2. The liquid crystal lenticular lens of claim 1, wherein the length of the suspension line of each of the electrode units is the same.

3. The liquid crystal lenticular lens of claim 1, wherein the length of the suspended line of each of the electrode units is different.

4. The liquid crystal lenticular lens of claim 1, wherein the suspended lines of two adjacent electrode units are in one-to-one correspondence, and the suspended lines of two adjacent electrode units, which correspond to each other, are on the same straight line.

5. The liquid crystal lenticular lens of claim 1, wherein a width of a portion of the potential distribution wire between the second position and the third position is the same, and a length of the potential distribution wire from a position where each of the suspended wires is connected to the potential distribution wire to the first position is parabolic or linear with a distance from each of the suspended wires to the first position in the second direction.

6. The liquid crystal lenticular lens of claim 1, wherein the end of each suspended line of the preceding electrode unit is spaced apart from the top end of the potential distribution wire of the following electrode unit by the same distance.

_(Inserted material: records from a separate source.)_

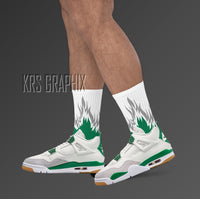 Socks To Match Jordan 4 Pine Green Sb - Flames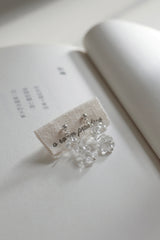 Pebble White Crystal Silver 925 Pierce handmade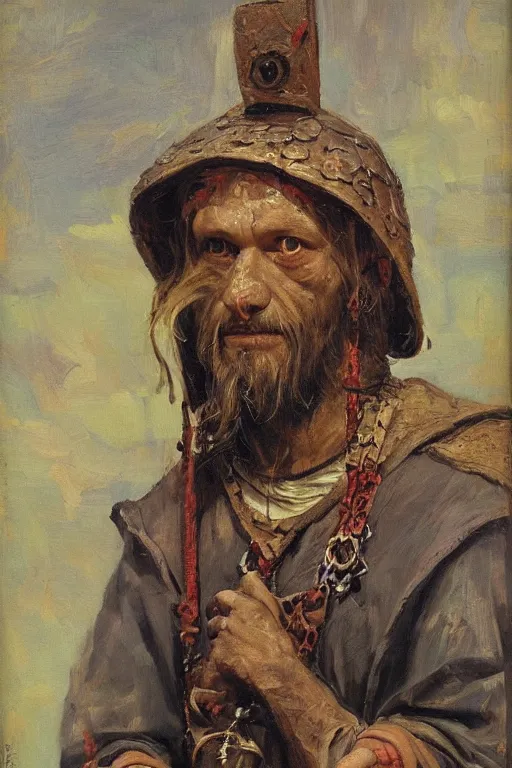 Image similar to slavic dog head man, woolen torso in medieval clothes, builds wooden house, orthodox saint christopher, oil painting, painting by viktor vasnetsov, concept art, hyperrealism, beautiful, high resolution, trending on artstation,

7. The liquid crystal lenticular lens of any one of claims 1 to 6, wherein a high-resistance film or a high-dielectric constant layer, or is provided between the second electrode layer and the second alignment layer

A high-resistance film or a high-dielectric constant layer is provided between the second electrode layer and the second transparent substrate.

8. The liquid crystal column lens array is characterized by comprising a first substrate, a first electrode layer, a first orientation layer, a liquid crystal layer, a second orientation layer, a second electrode layer and a second substrate which are sequentially stacked;

the first electrode layer is a surface electrode;

the second electrode layer includes a plurality of electrode unit groups arranged in the second direction, the electrode unit groups being the electrode unit groups described in any one of claims 1 to 7.

9. The liquid crystal lenticular array of claim 8, wherein the potential distribution wires in the adjacent electrode unit groups are connected, or

Adjacent electrode unit groups are spaced apart from each other by a predetermined distance in the second direction.

10. An electronic product comprising a control circuit and the liquid crystal lenticular lens of any one of claims 1 to 7 or the liquid crystal lenticular lens array of any one of claims 8 to 9, the control circuit being electrically connected to the liquid crystal lenticular lens or the liquid crystal lenticular lens array.